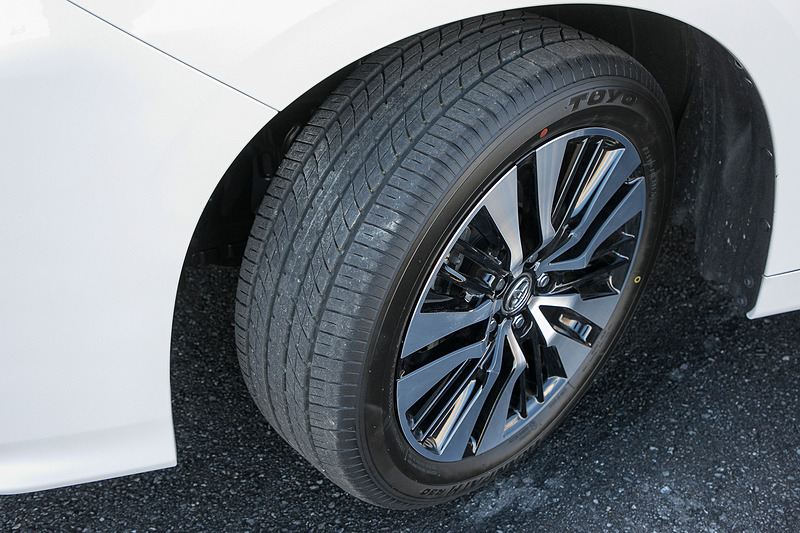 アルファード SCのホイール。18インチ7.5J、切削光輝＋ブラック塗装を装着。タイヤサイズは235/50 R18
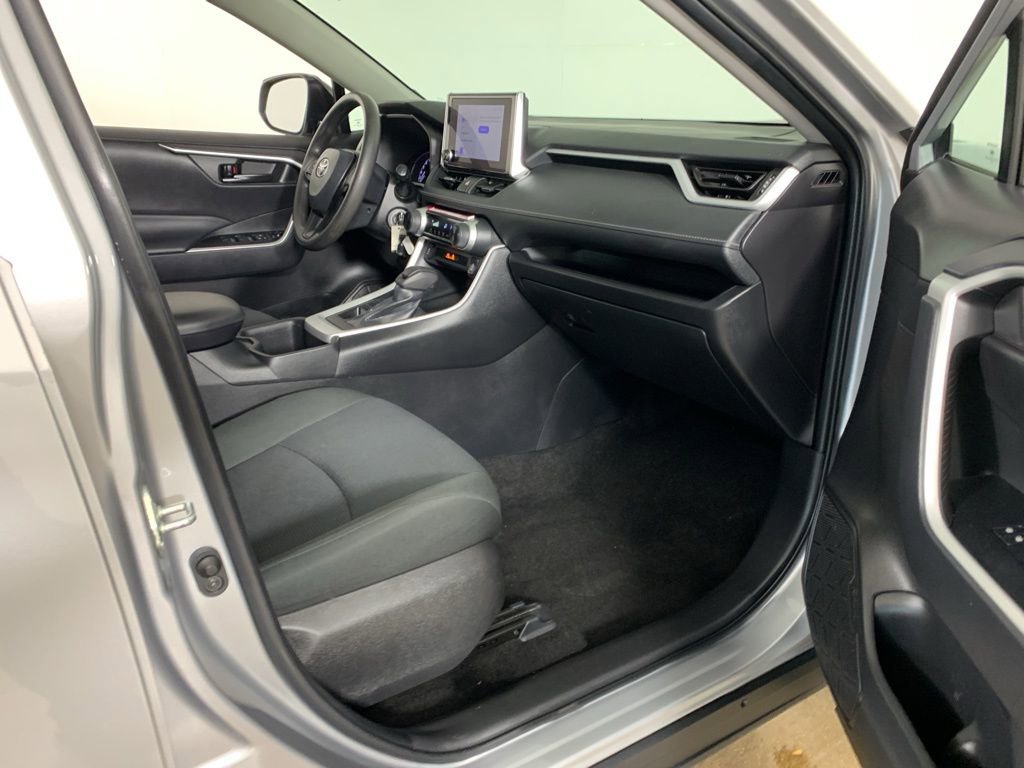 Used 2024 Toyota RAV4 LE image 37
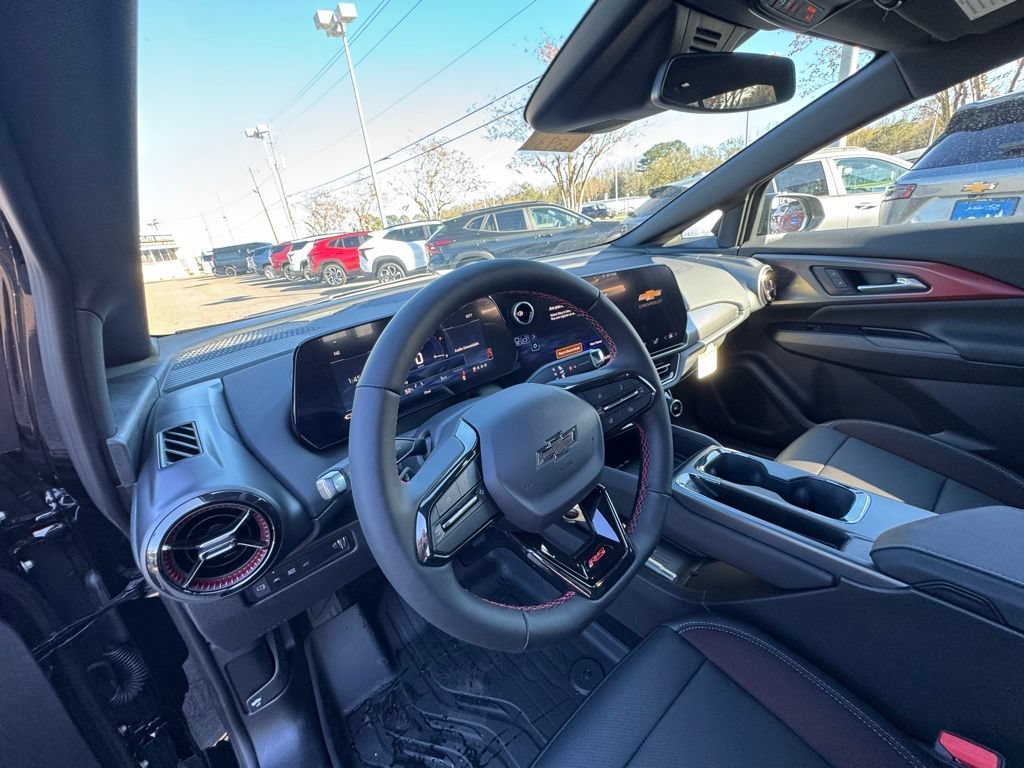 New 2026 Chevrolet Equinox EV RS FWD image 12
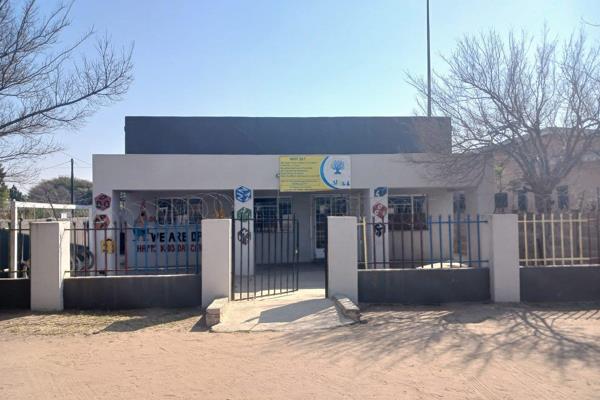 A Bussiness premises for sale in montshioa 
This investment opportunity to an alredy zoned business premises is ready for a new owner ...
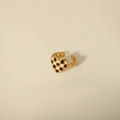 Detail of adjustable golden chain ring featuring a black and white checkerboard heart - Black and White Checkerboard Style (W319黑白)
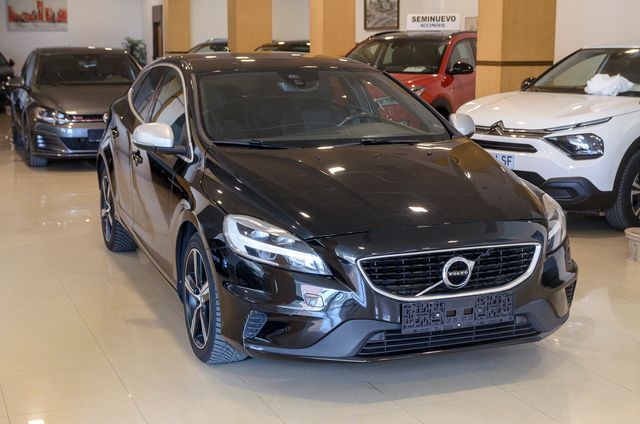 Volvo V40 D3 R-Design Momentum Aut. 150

● **Exercise goal**
Your response should consist solely of the lines from the line with "New 2026 Chevrolet" through the last line of the entries above, printed exactly and without pictures.

● **Response**
 New 2026 Chevrolet Equinox EV RS FWD image 12
 A Bussiness premises for sale in montshioa 
This investment opportunity to an alredy zoned business premises is ready for a new owner ...
 Detail of adjustable golden chain ring featuring a black and white checkerboard heart - Black and White Checkerboard Style (W319黑白)
 Volvo V40 D3 R-Design Momentum Aut. 150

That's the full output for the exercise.